260 Days of Learning Project
 
Are we not all broken in one way or another?  Is it not true that from the moment we breach our mother's wombs we are broken?  Is not the harsh reality of leaving our water paradise to be thrust into the cold world not a breaking of sorts?

Mark W. Bundy, the author of "'Know Me Unbroken': Peeling Back the Silenced Rind of the Queer Mouth", wishes to know Gloria Anzaldua unbroken "just as Maria Lugones wants all muted women 'to be seen unbroken'" (qtd. in Bundy 139).  Bundy's article is lyrical/poetical at times with his use of imagery and rhythm.  But I keep asking myself what is my reaction to the piece?  What have I taken away from my reading? 

Language.

The beauty of language.  The ability of language to build bridges through its human use.  These are things that I absorbed in my reading.  When discussing Anzaldua's use of language, Bundy writes: "These ongoing harvestings of yours, Gloria.  Peeling it all back--culture, self, body, voice, sex, identity, meaning, realities, love, illness, recover" (140).  All things can be discovered and known through language.  Understanding can occur through language and its use. 

If we are silent in our anguish, our fear, our anger, our love, our passion, how will anyone understand?  We need to make room for everyone's language, not just mine, not just yours: and yet, mine and yours.  In the words of the Na'vi (Avatar) "I see you."  That is what we should all be striving for by listening to the language of others.
 
"Adjectives are a way of constraining and controlling.  'The more adjectives you have the tighter the box.'  The adjective before writer [ex: feminist writer, lesbian writer] marks, for us, the 'inferior' writer, that is, the writer who doesn't write like them [the dominant culture]" (Anzaldua 264).  Adjectives are labels, and in Gloria Anzaldua's article "To(o) Queer the Writer--Loca, escritora y chicana," she discusses, among other things, some of the implications of using labels. 

As I have advocated before, I do not like labels, and I avoid using them for myself at all cost.  But often, we are faced with situations where we are forced to use them to define ourselves.  I could say that I am an Appalachian woman (said correctly), or what some would consider a hillbilly.  And I would wear that identity proudly, but as Anzaldua notes, that would place me in a box, and a quite tight fitting box as well. 

So if I didn't like that label, I could say that I am a feminist, or a lesbian, or a rhetorician (I'm NOT a speller), or a middle-class white woman, or, or, or.  As you can see, the list could go on and on forever.  To chose any ONE of those labels and say this is me, would be to deny those other parts that are just as important and just as vital to who I am as any other label.  I would, in essence, be dividing and splitting my identity: who I really am.
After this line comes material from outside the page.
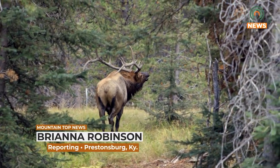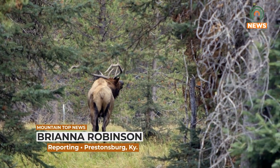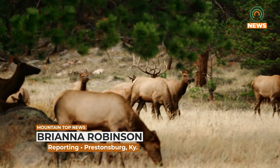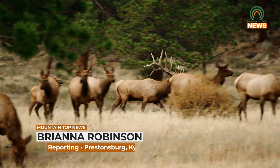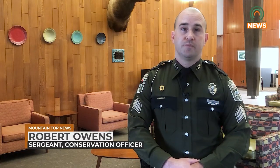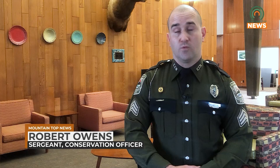Spring is quickly approaching, which means time is running out to apply for the 2024 Kentucky Elk Hunt Drawing. The drawing will be held in early May and applications are open until April 30th. You can purchase these drawing applications through any vendor where you can buy a typical hunting license or fishing license, or you can do it online through fw.ky.gov.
Anzaldua drives this point home when she argues so eloquently that "identity is not a bunch of little cubbyholes stuffed respectively with intellect, race, sex, class, vocation, gender.  Identity flows between over, aspects of a person.  Identity is a river--a process.  Contained within the river is its identity, and it needs to flow, to change, to stay a river--if it stopped it would be a contained body of water such as a lake or a pond" (267).  I wonder what my first-year composition students would think of this quote.  The 18 years-old students who felt that by the time you enter college your identity should be pretty much set! 

Anzaldua discusses more than just labels and identity with in this article, which is apparently an excerpt from a larger piece, but it is her comments about identity that resonate the most with me.  Is there such a thing as a lesbian writer, or a queer one for that matter?  I don't know, but I do not wish to cling to just one small part of my identity and be labeled that way.